In the Blue Devils' 77-33 victory against undermanned Virginia Tech on Thursday night, she had one sequence where she blocked a layup from behind on a fast break, then hustled up court and scored a layup of her own seconds later, not the kind of hustle play most frontcourt players can make.
It's the kind of thing that can get in an opponent's head, as the Hokies found out on a night when they committed 23 turnovers, many by overpassing and seemingly passing up shots for fear of Williams' dominance down low.
"I wouldn't say that we were scared," Hokies scoring leader Monet Tellier said after managing just four points on 2-for-8 shooting. She said she also passed up several open looks she normally would have taken. "You just think about it more going in there knowing she's so tall and dominant."
Williams blocked only two shots against the Hokies, but probably prevented several others.
She and Haley Peters each also matched their career high with 25 points as No. 5 Duke cruised.
While some Hokies fans were angry that Duke coach Joanne P. McCallie kept shuttling her starters in until the final five minutes, Hokies coach Dennis Wolff said he never gave it a second thought.
"We're worried about our team. They're worried about their team," he said.
"It didn't bother me," he said. "She's got to do what's best for her team.

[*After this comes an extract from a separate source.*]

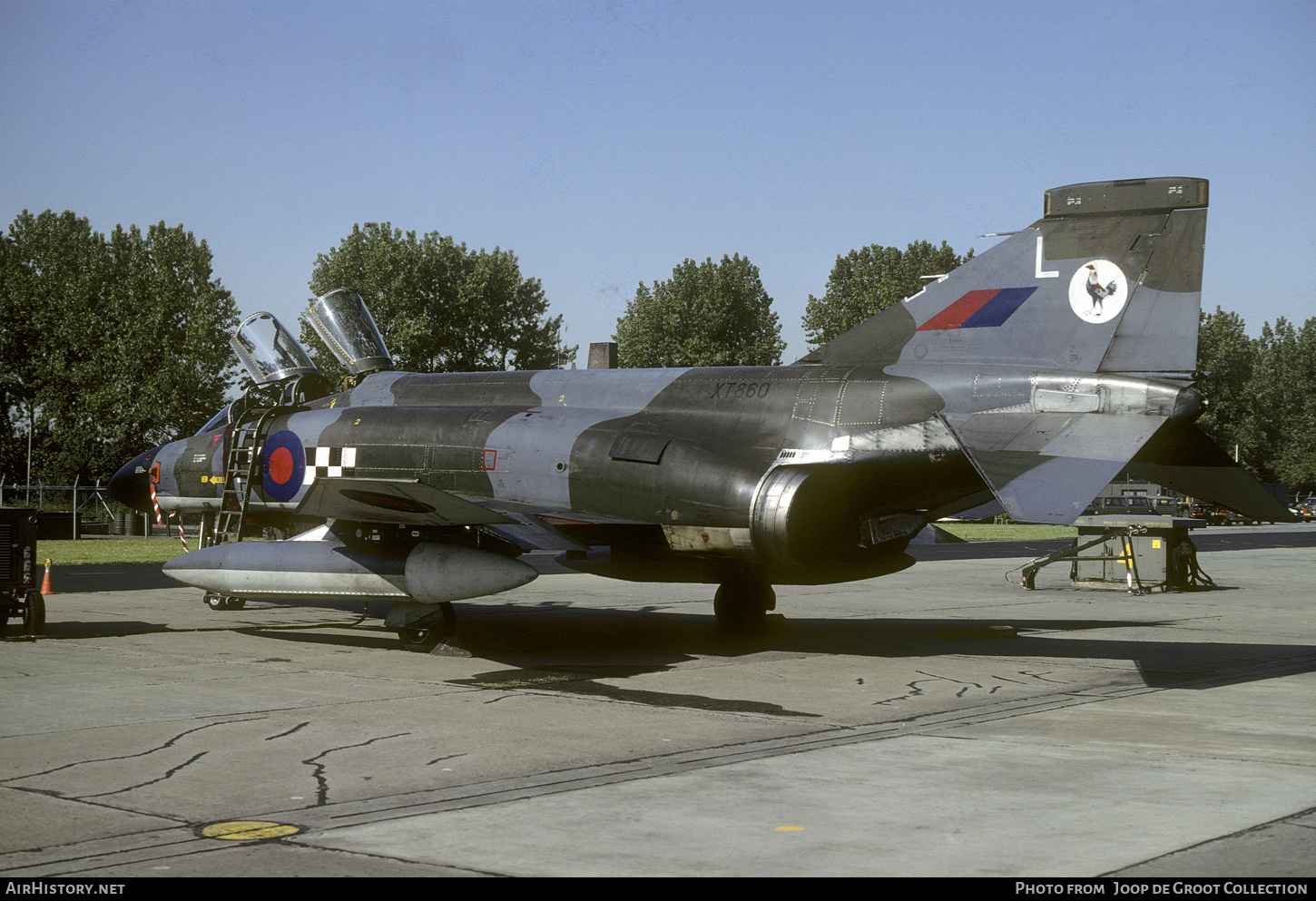 Aircraft Photo of XT860 | McDonnell Douglas F-4K Phantom FG1 | UK - Air Force | AirHistory.net #824363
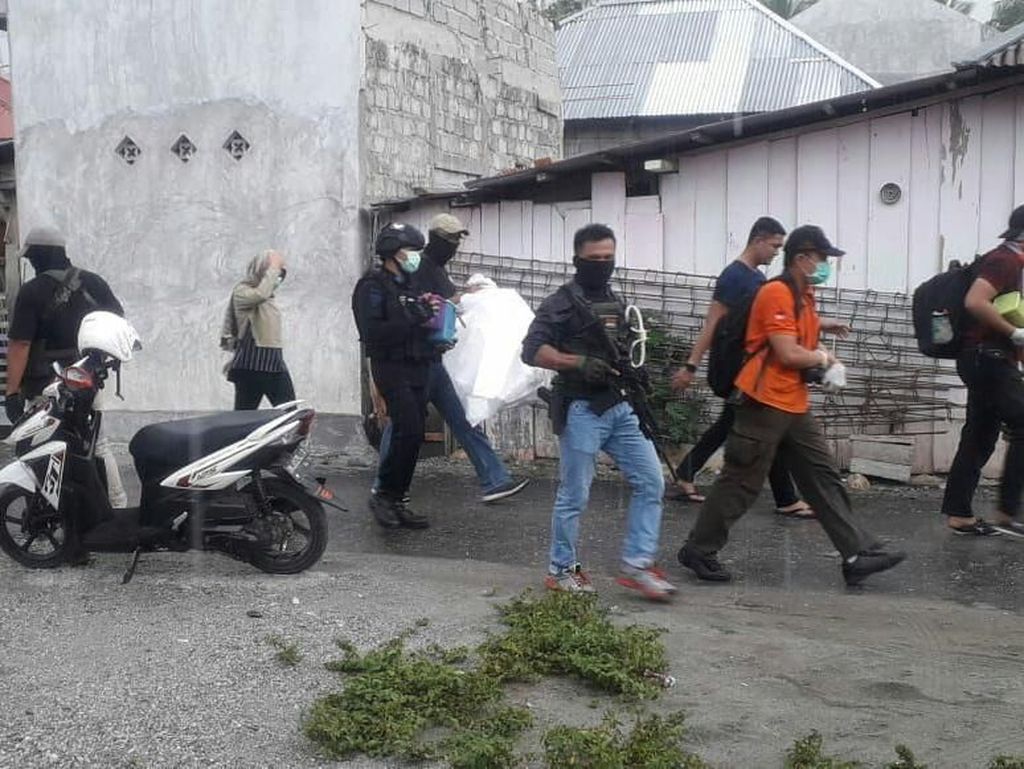 Densus 88 Bekuk Dua Orang Penyokong MIT Densus 88 Bekuk Dua Orang Penyokong MIT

They're playing for a lot."
The Blue Devils (23-1, 13-0 Atlantic Coast Conference) forced 18 first-half turnovers and led 40-14 at the intermission on their way to their 29th consecutive road victory against an unranked opponent.
The loss Thursday night was the 11th in 12 games for Virginia Tech (8-16, 2-11) and its second lopsided setback against the Blue Devils this season. Duke won 58-26 just over a month ago in Durham, N.C.
Alyssa Fenyn led Virginia Tech with seven points and Lauren Evans had six.
The game got out of hand almost immediately.
Peters, who was scoreless in the Blue Devils' 15-point victory against No. 7 Maryland on Monday night, made the first of her four 3-pointers 13 seconds into the game. She added a jumper and another 3-pointer with the game barely 2 minutes old, an 8-0 run. After Laura Evans' baseline 10-footer for the Hokies, Alexis Jones scored on a drive for Duke and Williams scored the next four points to make it 14-2 after 4:05.
The Hokies pulled within 21-9 on Fenyn's desperate, one-footed heave to barely beat the shot clock with 12:18 to go in the half, then managed just two field goals the rest of the way as they committed 12 of their 18 first-half turnovers. Duke's 19-5 burst to end the half made it academic at 40-14.
Just for good measure, Williams scored the first six points of the second half, sparking a 16-7 run, and it wasn't until 15 minutes remained the Hokies' point total exceeded their turnovers.
Until Fenyn's 3-pointer 1:37 before halftime, Williams (14) and Peters (13) were both outscoring the Hokies, who shot just 33 percent (6 of 18) even though Fenyn was 3 for 3.
Virginia Tech finished 15 of 54 from the field (27.8 percent) and had 23 turnovers.
Duke shot 46.3 percent (25 of 54) with 10 steals and six blocks.